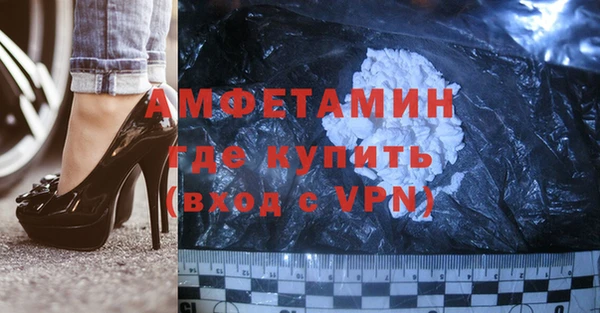 стаф Арсеньев
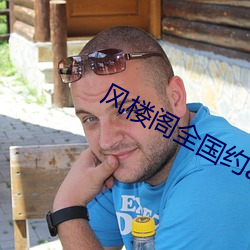 AG真人平台(中国)官方网站
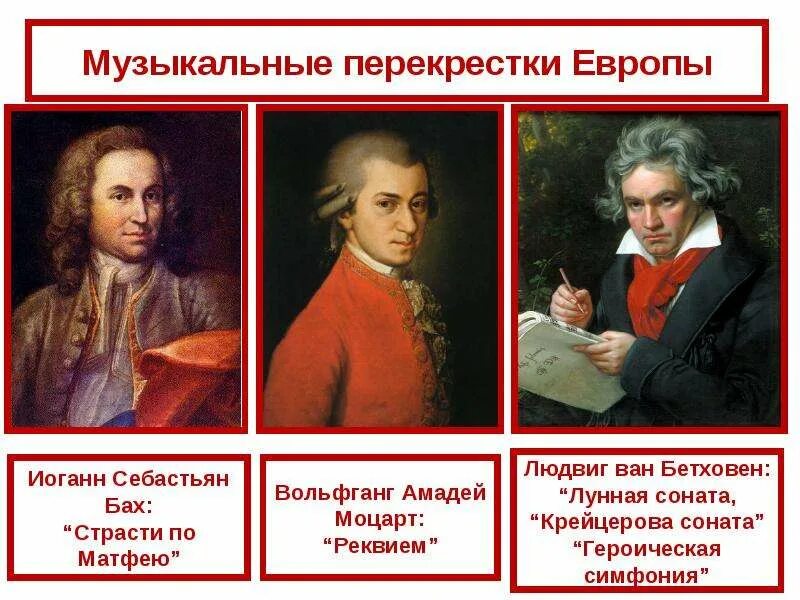 Эпоха просвещения. Иоганн себастьян бах вклад в эпоху просвещения. Эпоха просвещения презентация. Мир художественной культуры просвещения музыка. Себастьян бах идеи просвещения.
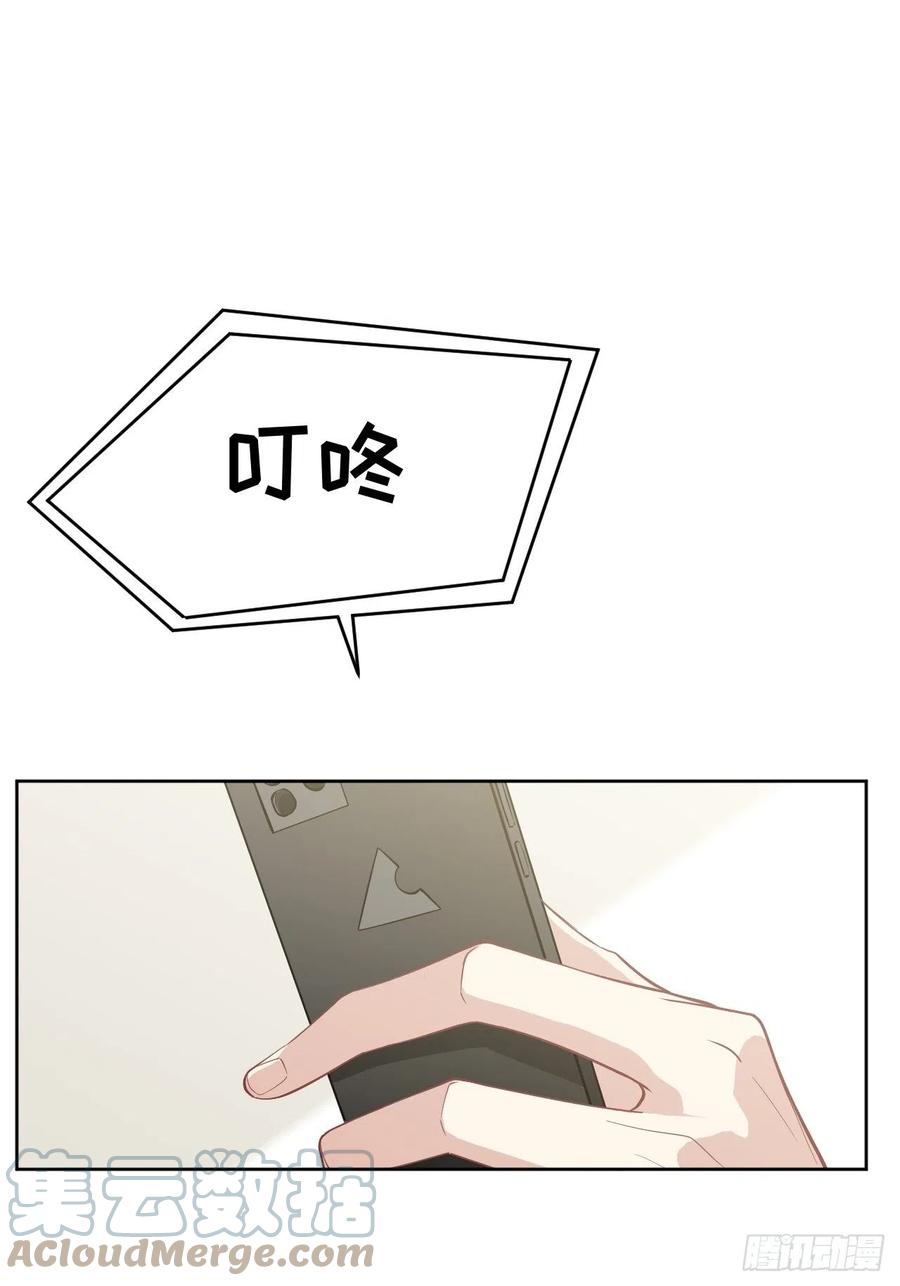 美攻在上 - 第14话：小熊玩具（四） - 第79张图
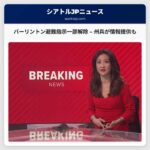 ワシントン州バーリントン、一部避難指示解除 – 州兵による住民への情報提供も実施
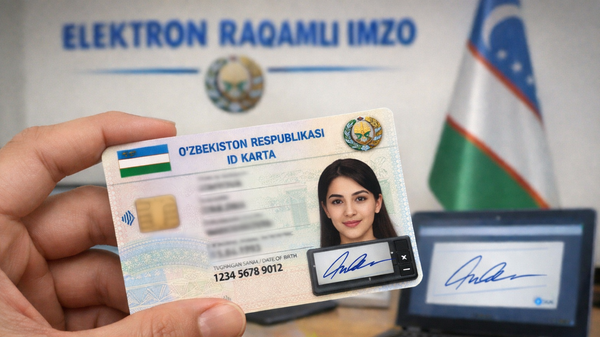 В Узбекистане ID-карты начнут выдавать с электронной цифровой подписью - Sputnik Ўзбекистон
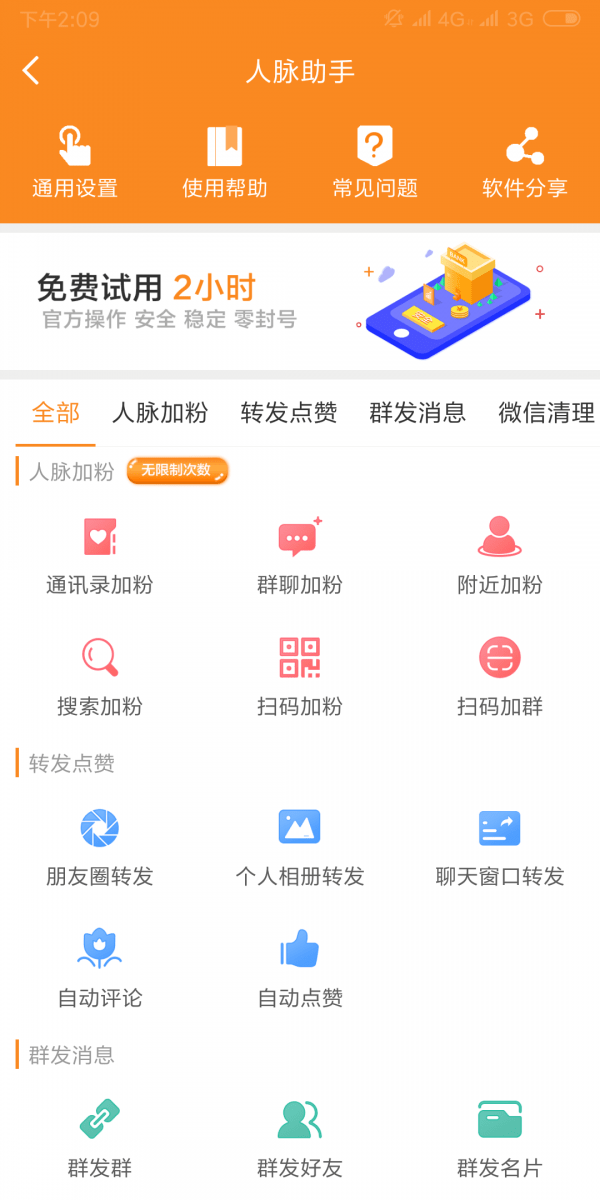 ������ʦ���°�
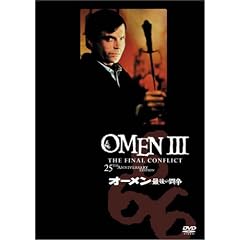 �I�[���� �Ō�̓��� (������萶�Y) [DVD]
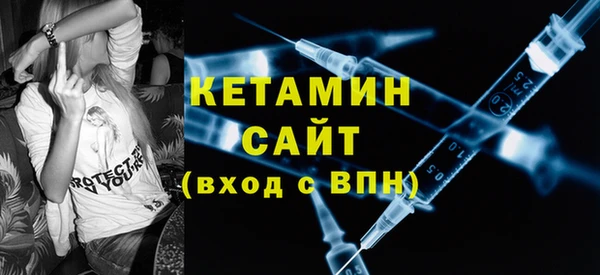 меф VHQ Армянск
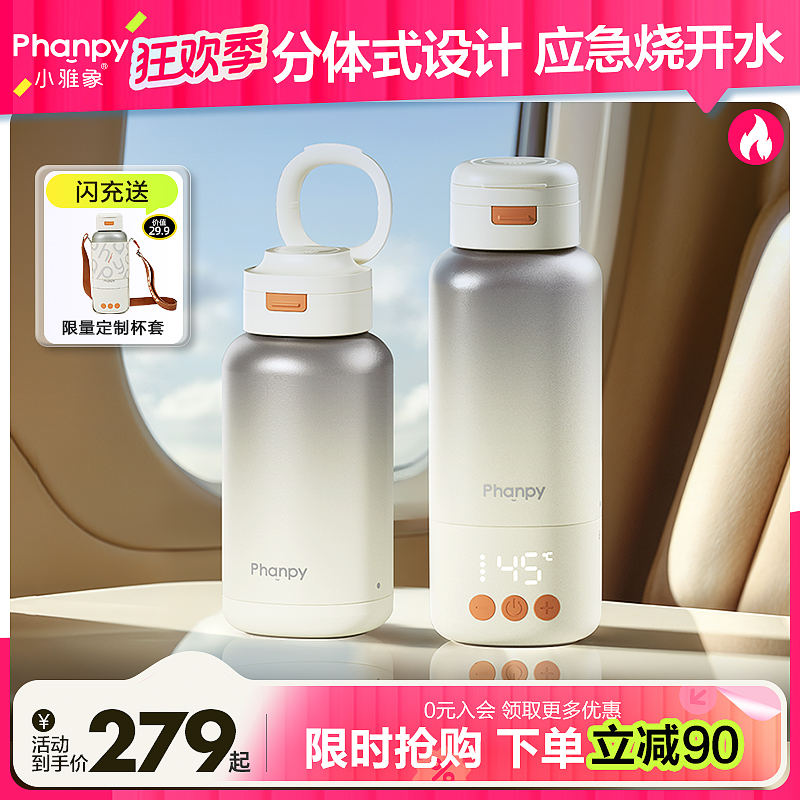 phanpy/小雅象【无线烧开】便携恒温壶婴儿外出携带冲泡奶调奶杯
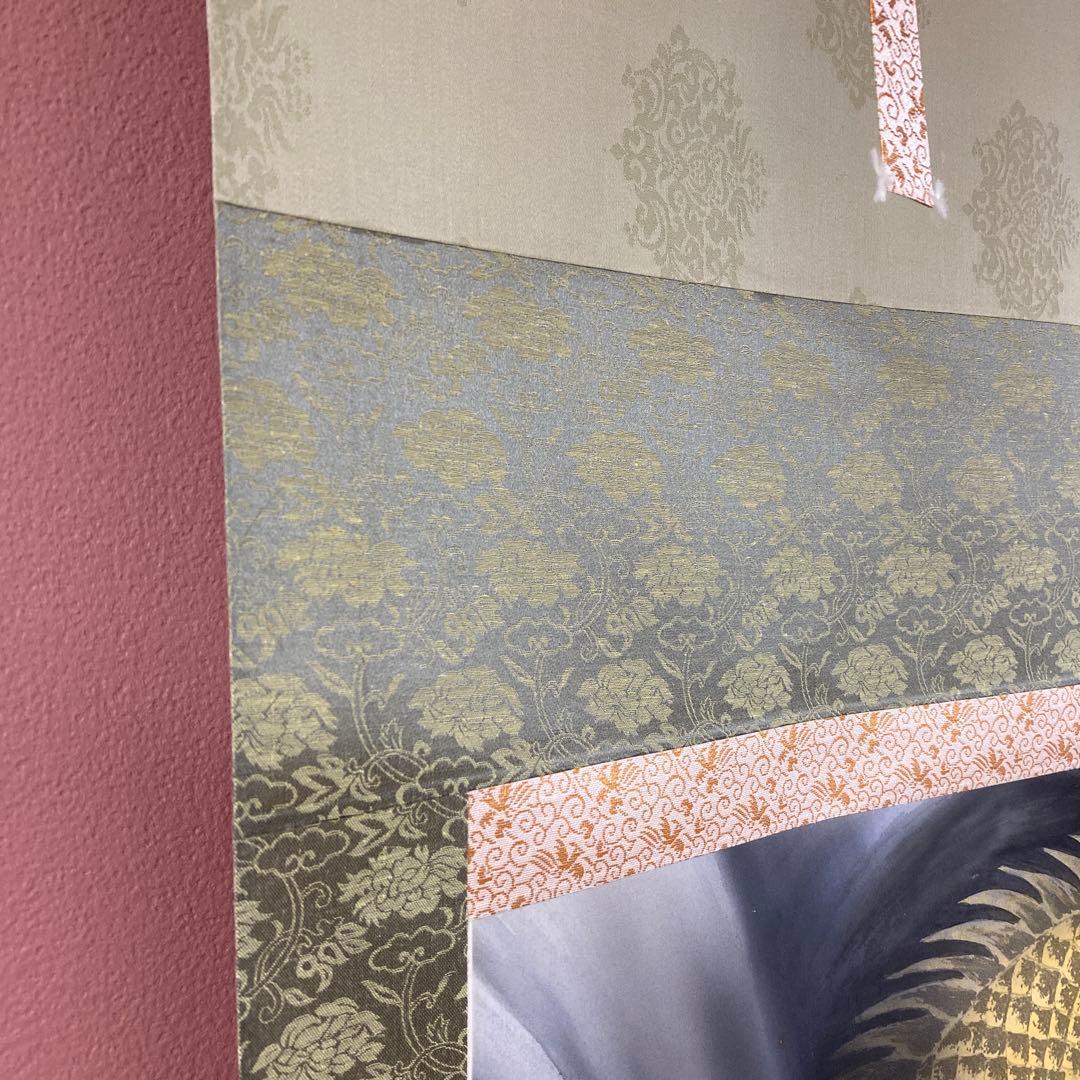 美品 掛け軸 翠紅作 八方睨龍神不動図 共箱 厄除け 不動明王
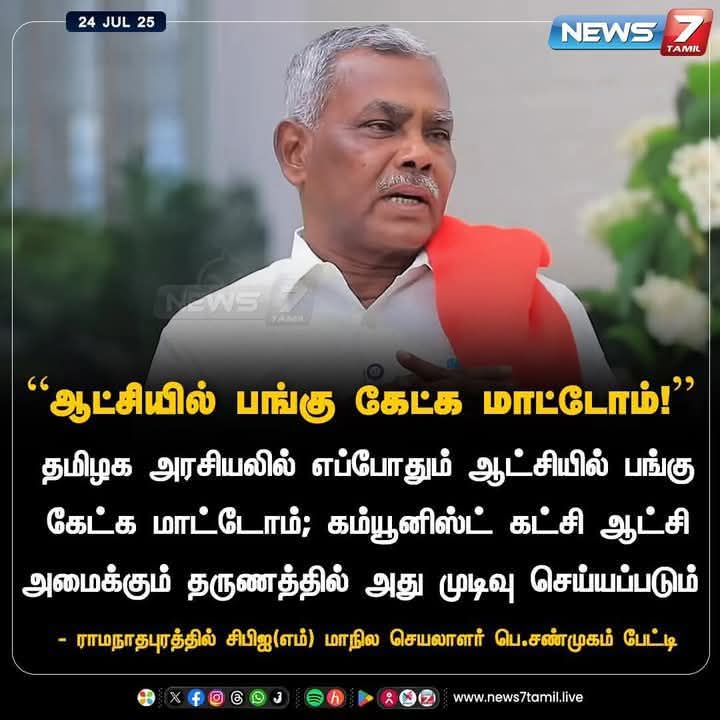 ரெண்டு சீட்டு வச்சிகிட்டு ஆட்சில பங்கா..?

ஏன் கேட்டுதான் பாருங்களேன்!!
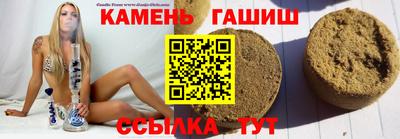 метамфетамин Рыбинск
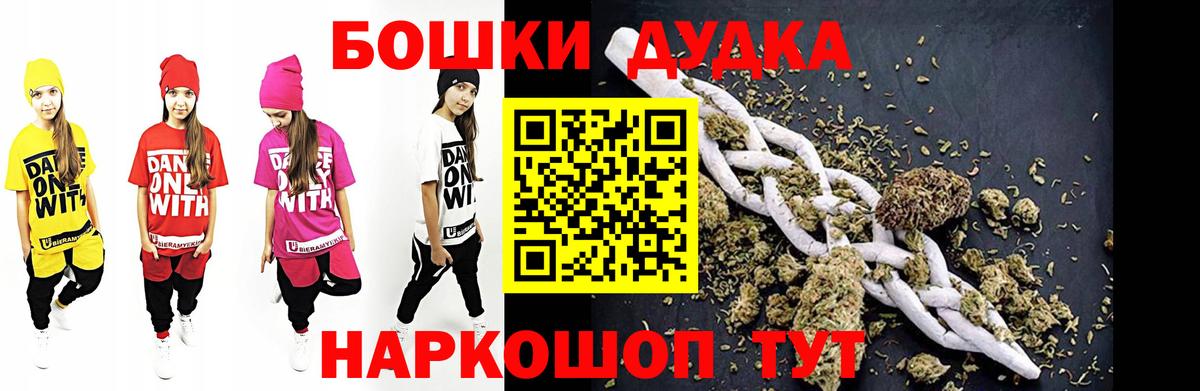 МАРИХУАНА MAZAR  Конопля конопля  Челябинск  Конопля гибрид  Бошки марихуана Amnesia  Вход с VPN 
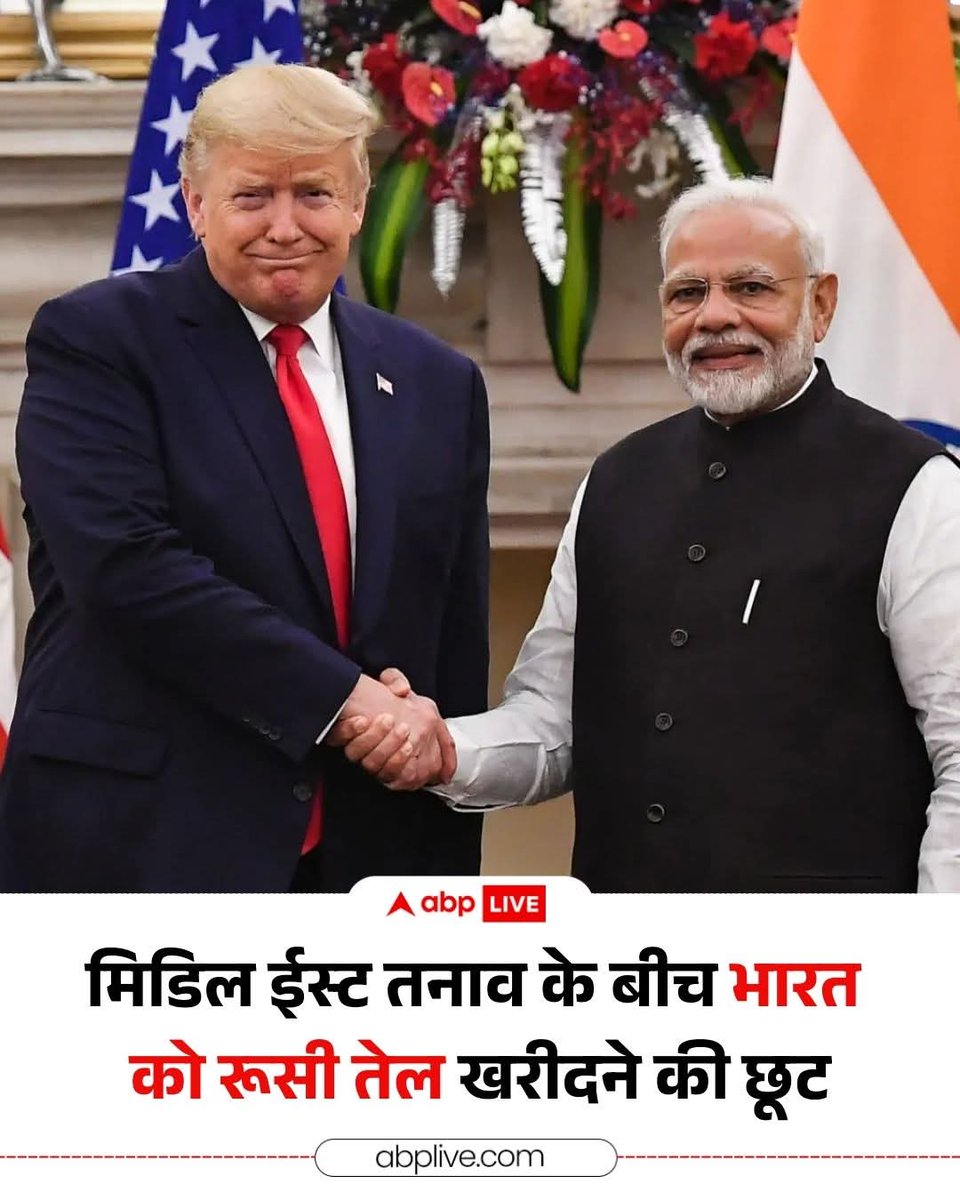 BajpaiP_K's tweet image. आज 'बॉस' बन गया,
कल तक जो मॉय फ्रेंड 'डोलांड' था ....!

#Surrender_Modi 
#CompromisedModi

_Exercise requirements_
Please print each entry exactly as it stands, without the pictures.

_Task answer_
 стаф Арсеньев
 AG真人平台(中国)官方网站
 Эпоха просвещения. Иоганн себастьян бах вклад в эпоху просвещения. Эпоха просвещения презентация. Мир художественной культуры просвещения музыка. Себастьян бах идеи просвещения.
 美攻在上 - 第14话：小熊玩具（四） - 第79张图
 ワシントン州バーリントン、一部避難指示解除 – 州兵による住民への情報提供も実施
 В Узбекистане ID-карты начнут выдавать с электронной цифровой подписью - Sputnik Ўзбекистон
 ������ʦ���°�
 �I�[���� �Ō�̓��� (������萶�Y) [DVD]
 меф VHQ Армянск
 phanpy/小雅象【无线烧开】便携恒温壶婴儿外出携带冲泡奶调奶杯
 美品 掛け軸 翠紅作 八方睨龍神不動図 共箱 厄除け 不動明王
 ரெண்டு சீட்டு வச்சிகிட்டு ஆட்சில பங்கா..?

ஏன் கேட்டுதான் பாருங்களேன்!!
 метамфетамин Рыбинск
 МАРИХУАНА MAZAR  Конопля конопля  Челябинск  Конопля гибрид  Бошки марихуана Amnesia  Вход с VPN 
 BajpaiP_K's tweet image. आज 'बॉस' बन गया,
कल तक जो मॉय फ्रेंड 'डोलांड' था ....!

#Surrender_Modi 
#CompromisedModi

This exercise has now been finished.